Fenomena yang dikenal sebagai “pembajakan amigdala” ini adalah kondisi “kalap” dalam bentuknya yang paling brutal. Tidak ada lagi pikiran tentang masa depan, tentang tangisan seorang ibu, tentang jeruji besi, atau tentang dosa. Pikirannya menyempit menjadi sebuah lorong gelap nan sesak dengan satu-satunya tujuan yang menyala-nyala: lenyapkan sumber rasa sakit ini. Sekarang juga. Kekasih yang semalam masih dipuja dan dirayu kini berubah di mata mereka menjadi musuh, pengkhianat, monster, atau aib berjalan yang harus segera dihapus dari muka bumi.

Panggung sandiwara digital bernama media sosial adalah bensin yang menyiram api yang sudah berkobar ini. Setiap pasangan muda merasa berada di bawah tekanan tak kasat mata untuk mempertontonkan “kebahagiaan” versi filter Instagram. Foto-foto liburan di Bali dengan latar senja, hadiah ulang tahun berupa gawai terbaru, video TikTok dengan tagar #couplegoals—semua ini membangun sebuah penjara ekspektasi yang menyesakkan. Hubungan mereka bukan lagi sebuah ruang intim milik berdua, melainkan sebuah konten yang harus terus diproduksi untuk divalidasi oleh jumlah “like”, komentar, dan “share”.
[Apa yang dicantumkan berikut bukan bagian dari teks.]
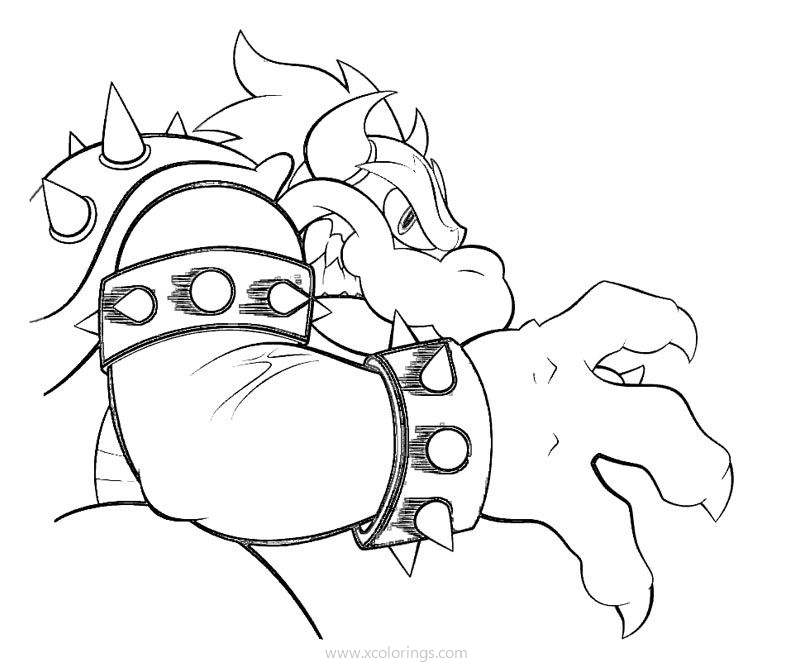 Free Super Mario Bowser Coloring Pages printable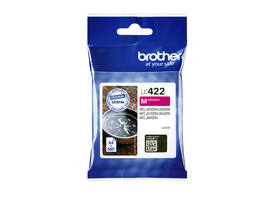 Inktcartridge Brother LC-422M rood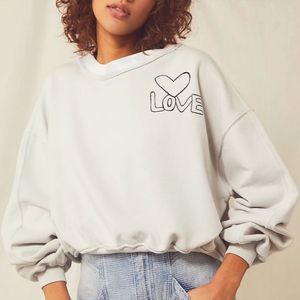 Free People Feel the Love Pullover Sweatshirt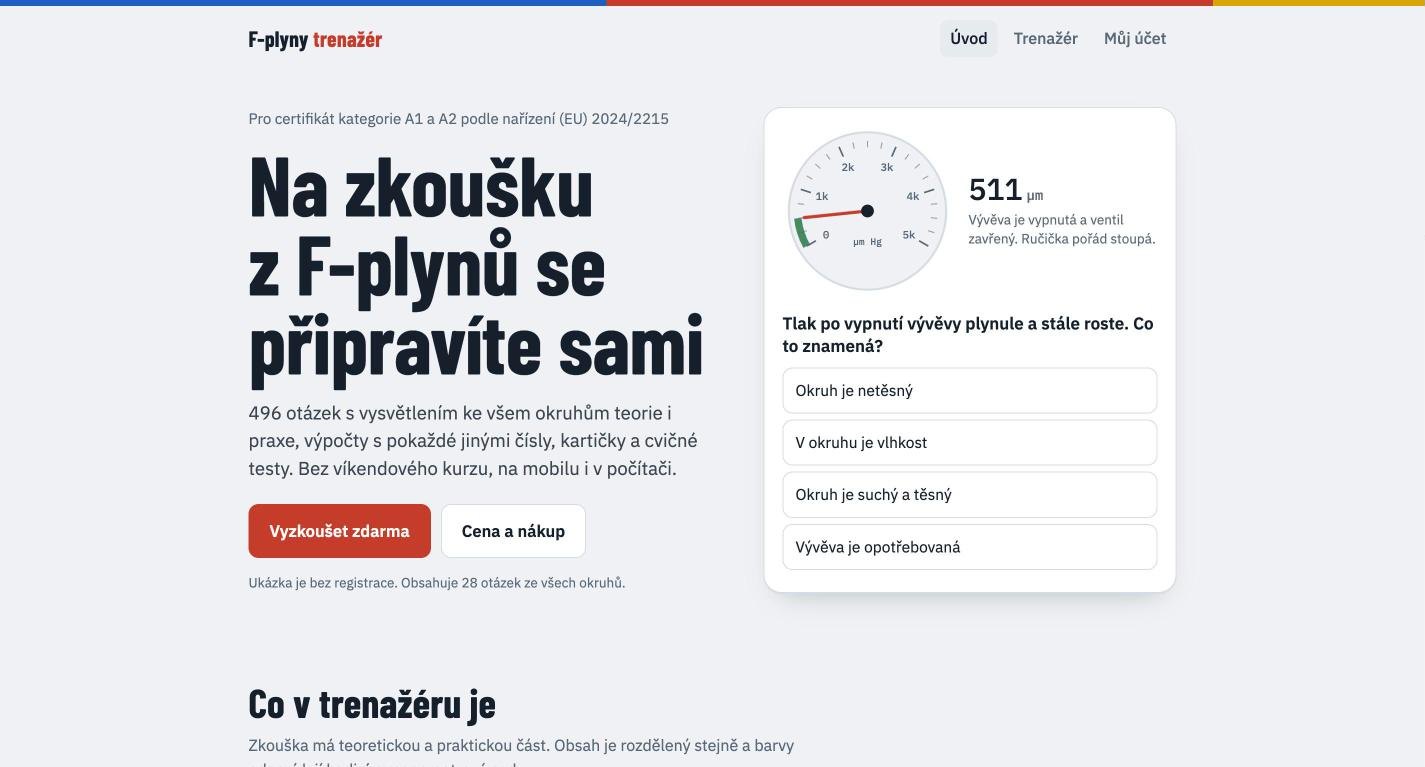 Úvodní stránka webu Zkouska-fplyny.cz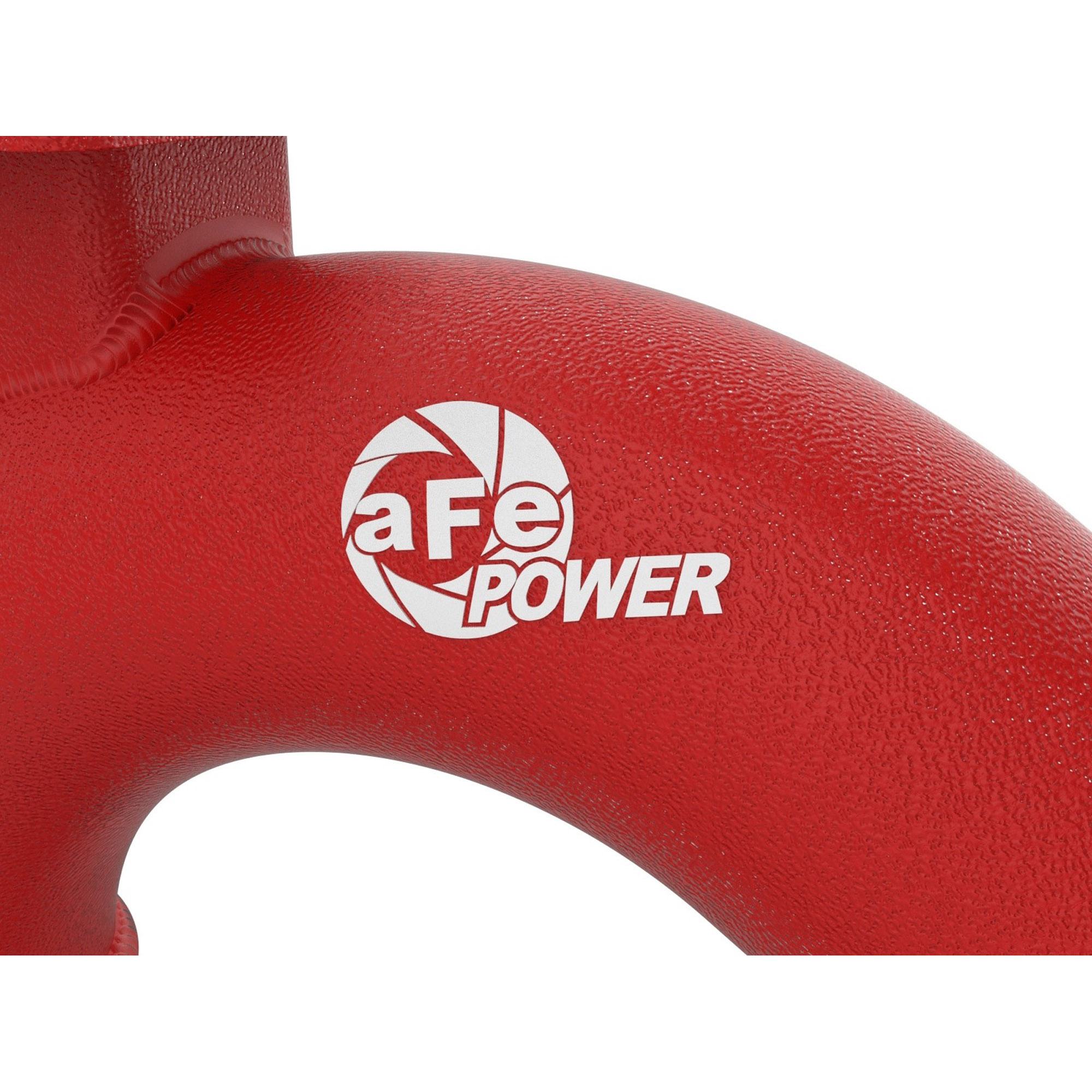 BladeRunner 3 IN Aluminum Hot and Cold Charge Pipe Kit Red Kia Stinger 18-23 V6-3.3L (tt)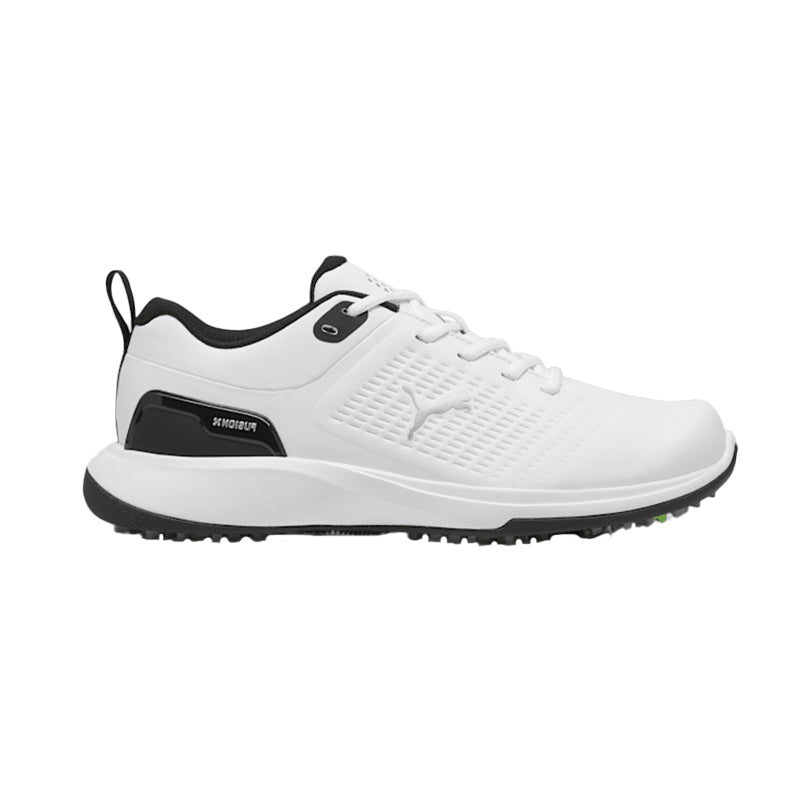 PUMA Fusion Flex Men's Spikeless Shoes (White/Black)
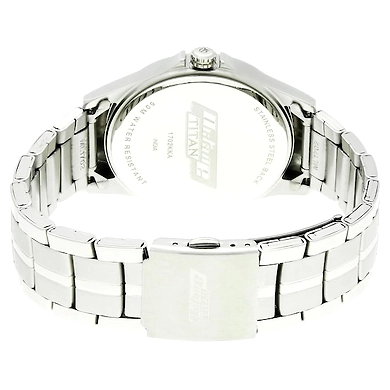 Octane Brown Dial Silver Stainless Steel Strap Watch-2
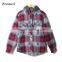  express wholesale hooded men fleece plaids jacket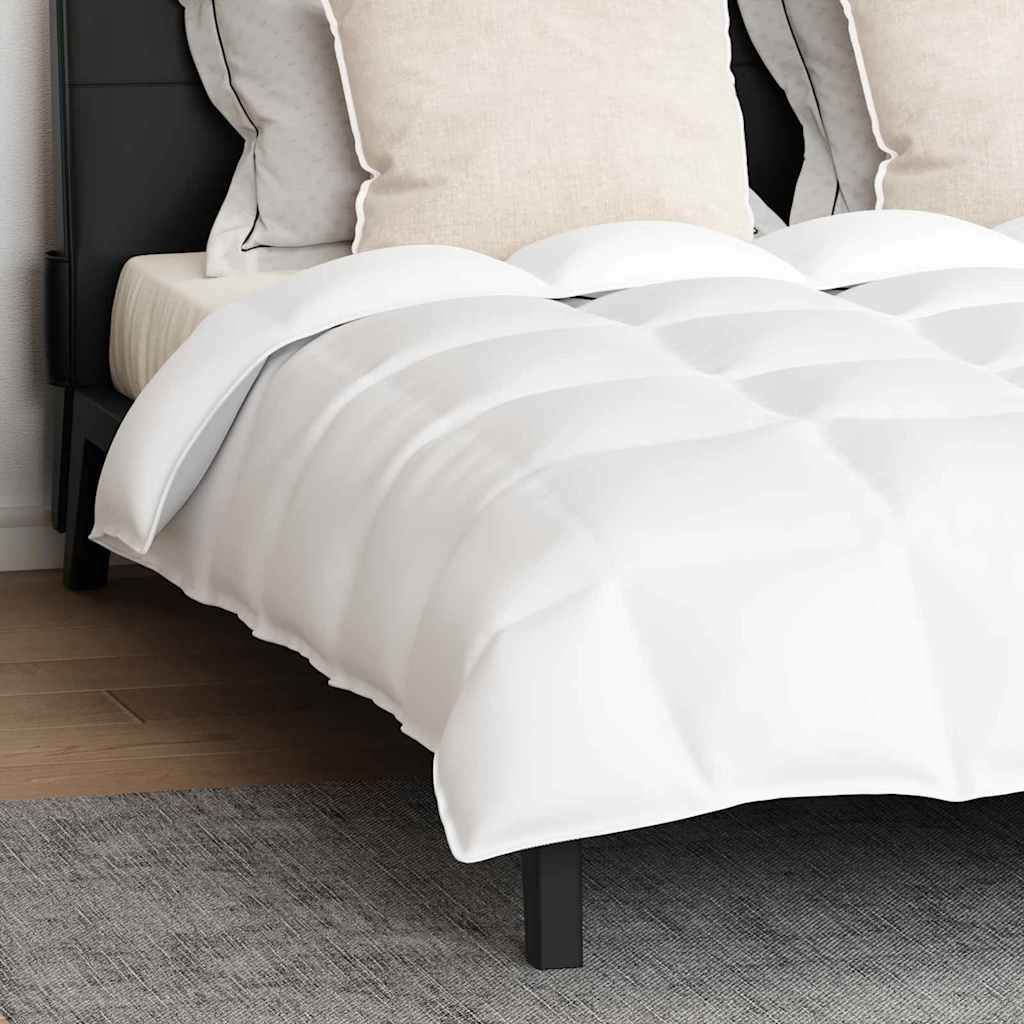 Bettdecken Set mit Kissen 3 pcs Weiß Baumwolle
Bayangkan betapa dahsyatnya pukulan terhadap ego ketika “pertunjukan” yang telah dirancang dengan susah payah ini terancam bubar. Sebuah perpisahan bukan lagi sekadar kesedihan pribadi, melainkan sebuah kegagalan publik, sebuah penghinaan yang disaksikan oleh ratusan atau bahkan ribuan pengikut. Rasa malu karena “gagal” mempertahankan citra sempurna menjadi beban psikologis yang tak tertanggungkan.

Dunia maya juga menyediakan amunisi tak terbatas bagi api cemburu. Kecemburuan kini memiliki bentuk-bentuk baru yang lebih insidious: sebuah “like” dari sang mantan di foto lama, komentar genit dari teman kerja, status online di WhatsApp pada jam 3 pagi, atau bahkan melihat pasangan kita tidak lagi memasukkan kita dalam daftar “Close Friends” di Instagram. Setiap notifikasi adalah potensi ancaman. Setiap aktivitas digital adalah bahan untuk diinterogasi. Dunia maya mengubah cinta menjadi kompetisi citra dan kecurigaan menjadi rutinitas harian, mengikis kewarasan sedikit demi sedikit.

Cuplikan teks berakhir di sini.